On Mon, Jun 27, 2016 at 12:41:28PM +0200, Bert Freudenberg wrote:
On Mon, Jun 27, 2016 at 5:30 AM, David T. Lewis lewis@mail.msen.com wrote:
A bit off topic, but is is worth asking: If we really want to model Date as a position on a continuum of date values, and if we think that the implementation of Date as a kind of Timespan is not right, then shouldn't we just consider going back to the earlier (Squeak 3.6 and earlier) implementation of Date as a Magnitude, rather than Date as a Timespan?
I think this is a very relevant question. We may have to distinguish a Day from a Date.
This seems like a useful distinction to me. The concepts are different, and they deserve different representations.
To me as a native American English speaker, I would say that "Day" implies duration, and "Date" implies magnitude. I would expect that the current implementation of date as duration might map most directly to a Smalltalk class named "Day". And the earlier Squeak implementation of date as a magnitude would map directly to a Smalltalk class named "Date".
IMHO a birthday is a perfect example.
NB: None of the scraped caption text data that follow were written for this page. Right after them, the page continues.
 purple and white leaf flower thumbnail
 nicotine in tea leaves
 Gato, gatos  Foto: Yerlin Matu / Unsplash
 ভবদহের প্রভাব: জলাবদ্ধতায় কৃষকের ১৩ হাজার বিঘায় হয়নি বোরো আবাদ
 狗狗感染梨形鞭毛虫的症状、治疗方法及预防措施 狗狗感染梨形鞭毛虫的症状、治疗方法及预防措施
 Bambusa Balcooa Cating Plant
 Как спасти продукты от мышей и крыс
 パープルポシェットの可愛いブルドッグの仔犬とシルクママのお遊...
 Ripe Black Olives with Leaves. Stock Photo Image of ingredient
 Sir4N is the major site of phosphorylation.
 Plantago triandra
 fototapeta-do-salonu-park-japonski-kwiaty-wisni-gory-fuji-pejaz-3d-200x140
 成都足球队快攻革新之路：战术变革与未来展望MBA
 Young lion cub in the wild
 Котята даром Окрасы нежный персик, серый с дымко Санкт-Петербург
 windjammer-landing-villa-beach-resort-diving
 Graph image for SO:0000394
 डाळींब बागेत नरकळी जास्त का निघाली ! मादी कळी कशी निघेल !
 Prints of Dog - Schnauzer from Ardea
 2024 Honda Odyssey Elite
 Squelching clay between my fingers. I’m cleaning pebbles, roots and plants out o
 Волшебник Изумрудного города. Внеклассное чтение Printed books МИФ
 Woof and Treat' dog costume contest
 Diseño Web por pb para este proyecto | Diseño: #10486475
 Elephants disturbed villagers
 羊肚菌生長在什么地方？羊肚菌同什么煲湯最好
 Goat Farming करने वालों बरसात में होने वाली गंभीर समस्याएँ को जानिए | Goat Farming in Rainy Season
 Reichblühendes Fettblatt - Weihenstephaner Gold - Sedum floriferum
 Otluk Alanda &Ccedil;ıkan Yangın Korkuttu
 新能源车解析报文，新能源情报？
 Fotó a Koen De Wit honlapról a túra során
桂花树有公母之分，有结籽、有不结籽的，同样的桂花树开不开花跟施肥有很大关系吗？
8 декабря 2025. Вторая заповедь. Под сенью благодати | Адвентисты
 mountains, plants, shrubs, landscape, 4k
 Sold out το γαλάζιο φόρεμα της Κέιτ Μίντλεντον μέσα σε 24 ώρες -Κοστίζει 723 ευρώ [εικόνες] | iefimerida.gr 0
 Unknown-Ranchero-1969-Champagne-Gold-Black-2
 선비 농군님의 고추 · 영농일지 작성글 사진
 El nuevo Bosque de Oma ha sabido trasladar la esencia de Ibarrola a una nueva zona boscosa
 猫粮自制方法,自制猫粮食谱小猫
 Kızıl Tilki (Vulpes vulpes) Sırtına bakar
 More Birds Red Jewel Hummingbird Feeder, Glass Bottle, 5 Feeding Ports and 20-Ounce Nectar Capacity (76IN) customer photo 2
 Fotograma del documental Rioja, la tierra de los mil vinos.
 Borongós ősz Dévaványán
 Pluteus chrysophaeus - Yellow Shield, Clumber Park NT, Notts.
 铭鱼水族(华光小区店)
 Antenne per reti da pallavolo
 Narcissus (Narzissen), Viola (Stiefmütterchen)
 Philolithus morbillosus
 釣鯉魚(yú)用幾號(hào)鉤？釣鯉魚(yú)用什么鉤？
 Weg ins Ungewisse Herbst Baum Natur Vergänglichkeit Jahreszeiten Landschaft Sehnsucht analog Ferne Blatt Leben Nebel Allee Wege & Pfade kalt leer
It's defined by a day+month+year. If I was traveling I would celebrate the birthday in local time, so the generic "birthday" needs to compare equal to all the local dates independent of time zone.
This is how Dates worked before we made them Timespans (because they had no time, and hence no time zone). And this is also how they worked after I added the "nil" offset hack (which ignores the timezone). But it's a hack, not a good design. I'm not entirely sure what a good design would look like that also does not break old code.
- Bert -
If we can assume that the current Squeak implementation of Date as a duration makes sense for a class named "Day" and that the prior implementation of Date as a magnitude makes sense for a class named "Date", then a possible way forward would be (in someone's local image, not yet in trunk):
- Rename class Date as Day - Copy the Date tests to a new class for the Day tests. - Make sure that the tests for Day are working. - Load an old version of Date from the most recent Squeak version that had Date as a magnitude. - Make the unit tests work for Date.